Exercise instructions |
Using the entries below, give the count of lines that hold "option". Say nothing besides the number.

Stored data |
——

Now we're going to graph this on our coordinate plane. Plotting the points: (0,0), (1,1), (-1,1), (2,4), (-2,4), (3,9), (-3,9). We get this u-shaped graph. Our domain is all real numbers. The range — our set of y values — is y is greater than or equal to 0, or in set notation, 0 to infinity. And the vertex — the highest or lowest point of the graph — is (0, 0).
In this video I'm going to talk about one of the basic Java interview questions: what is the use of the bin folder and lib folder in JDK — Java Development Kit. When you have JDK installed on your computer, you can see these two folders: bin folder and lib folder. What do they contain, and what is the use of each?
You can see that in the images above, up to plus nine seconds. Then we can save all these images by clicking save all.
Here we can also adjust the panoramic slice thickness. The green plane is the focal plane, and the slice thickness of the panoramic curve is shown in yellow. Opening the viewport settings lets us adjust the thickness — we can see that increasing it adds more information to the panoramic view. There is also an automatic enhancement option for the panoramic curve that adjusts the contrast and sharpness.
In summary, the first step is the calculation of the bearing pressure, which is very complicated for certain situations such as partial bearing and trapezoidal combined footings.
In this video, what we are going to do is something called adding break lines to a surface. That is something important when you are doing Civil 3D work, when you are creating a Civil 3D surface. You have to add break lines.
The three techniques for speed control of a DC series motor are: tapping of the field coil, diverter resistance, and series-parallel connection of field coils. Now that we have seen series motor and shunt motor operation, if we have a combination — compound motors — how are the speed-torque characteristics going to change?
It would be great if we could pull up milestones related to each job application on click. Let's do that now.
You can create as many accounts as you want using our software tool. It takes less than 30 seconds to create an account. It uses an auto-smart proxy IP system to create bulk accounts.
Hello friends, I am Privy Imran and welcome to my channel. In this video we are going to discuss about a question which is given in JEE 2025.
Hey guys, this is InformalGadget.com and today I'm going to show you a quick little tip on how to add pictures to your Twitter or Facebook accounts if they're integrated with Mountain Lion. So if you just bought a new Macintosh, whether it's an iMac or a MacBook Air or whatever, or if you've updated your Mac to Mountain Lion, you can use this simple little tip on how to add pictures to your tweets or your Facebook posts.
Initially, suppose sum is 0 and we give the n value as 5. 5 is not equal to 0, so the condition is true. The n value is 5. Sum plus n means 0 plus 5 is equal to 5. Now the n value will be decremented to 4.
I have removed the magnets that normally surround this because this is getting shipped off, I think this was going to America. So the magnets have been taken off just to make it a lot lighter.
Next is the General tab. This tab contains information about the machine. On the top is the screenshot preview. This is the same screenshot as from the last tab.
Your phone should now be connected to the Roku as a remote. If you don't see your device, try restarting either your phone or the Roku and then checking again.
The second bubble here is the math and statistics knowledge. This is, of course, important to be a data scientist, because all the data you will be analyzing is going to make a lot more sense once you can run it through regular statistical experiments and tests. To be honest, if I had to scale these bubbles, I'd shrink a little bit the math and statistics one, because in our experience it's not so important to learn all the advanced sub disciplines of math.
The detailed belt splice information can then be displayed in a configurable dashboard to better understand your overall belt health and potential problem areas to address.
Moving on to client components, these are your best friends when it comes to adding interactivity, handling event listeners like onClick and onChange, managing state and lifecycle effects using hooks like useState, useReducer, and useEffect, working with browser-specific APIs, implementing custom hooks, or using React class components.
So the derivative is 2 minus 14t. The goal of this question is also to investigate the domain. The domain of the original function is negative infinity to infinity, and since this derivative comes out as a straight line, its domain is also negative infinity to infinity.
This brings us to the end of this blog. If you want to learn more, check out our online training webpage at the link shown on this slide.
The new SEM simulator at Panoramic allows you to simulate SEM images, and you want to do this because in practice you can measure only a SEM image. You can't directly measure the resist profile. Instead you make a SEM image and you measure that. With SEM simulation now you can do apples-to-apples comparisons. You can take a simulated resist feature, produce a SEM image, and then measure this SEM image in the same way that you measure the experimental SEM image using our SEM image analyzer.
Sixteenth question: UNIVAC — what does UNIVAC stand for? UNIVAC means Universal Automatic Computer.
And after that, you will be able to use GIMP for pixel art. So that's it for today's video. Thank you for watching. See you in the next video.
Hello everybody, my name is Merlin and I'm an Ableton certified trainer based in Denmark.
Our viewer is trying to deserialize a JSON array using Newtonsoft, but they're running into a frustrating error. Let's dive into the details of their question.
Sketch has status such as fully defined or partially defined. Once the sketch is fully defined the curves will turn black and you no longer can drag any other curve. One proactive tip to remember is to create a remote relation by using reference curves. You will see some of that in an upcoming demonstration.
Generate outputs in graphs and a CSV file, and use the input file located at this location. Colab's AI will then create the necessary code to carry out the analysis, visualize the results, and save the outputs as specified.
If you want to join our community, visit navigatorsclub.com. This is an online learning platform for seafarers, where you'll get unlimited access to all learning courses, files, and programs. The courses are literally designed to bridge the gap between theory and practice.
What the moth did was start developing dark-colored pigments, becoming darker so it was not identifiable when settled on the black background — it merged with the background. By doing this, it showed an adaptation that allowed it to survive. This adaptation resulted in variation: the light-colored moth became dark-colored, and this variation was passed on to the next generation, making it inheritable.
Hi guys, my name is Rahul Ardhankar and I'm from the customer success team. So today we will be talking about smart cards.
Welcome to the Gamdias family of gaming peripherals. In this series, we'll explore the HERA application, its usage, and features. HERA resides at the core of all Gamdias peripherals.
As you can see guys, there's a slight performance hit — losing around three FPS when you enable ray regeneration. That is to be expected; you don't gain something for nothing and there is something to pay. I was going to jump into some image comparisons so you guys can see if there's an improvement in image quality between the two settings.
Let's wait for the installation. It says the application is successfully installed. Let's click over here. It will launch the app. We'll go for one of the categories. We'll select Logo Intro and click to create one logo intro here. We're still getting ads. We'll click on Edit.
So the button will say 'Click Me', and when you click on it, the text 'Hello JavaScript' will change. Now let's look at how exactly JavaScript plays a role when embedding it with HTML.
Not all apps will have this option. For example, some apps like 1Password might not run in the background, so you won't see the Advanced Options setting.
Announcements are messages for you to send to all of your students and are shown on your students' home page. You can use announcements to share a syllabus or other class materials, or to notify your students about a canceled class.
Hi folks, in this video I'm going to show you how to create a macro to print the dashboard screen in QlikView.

——

Answer space |
2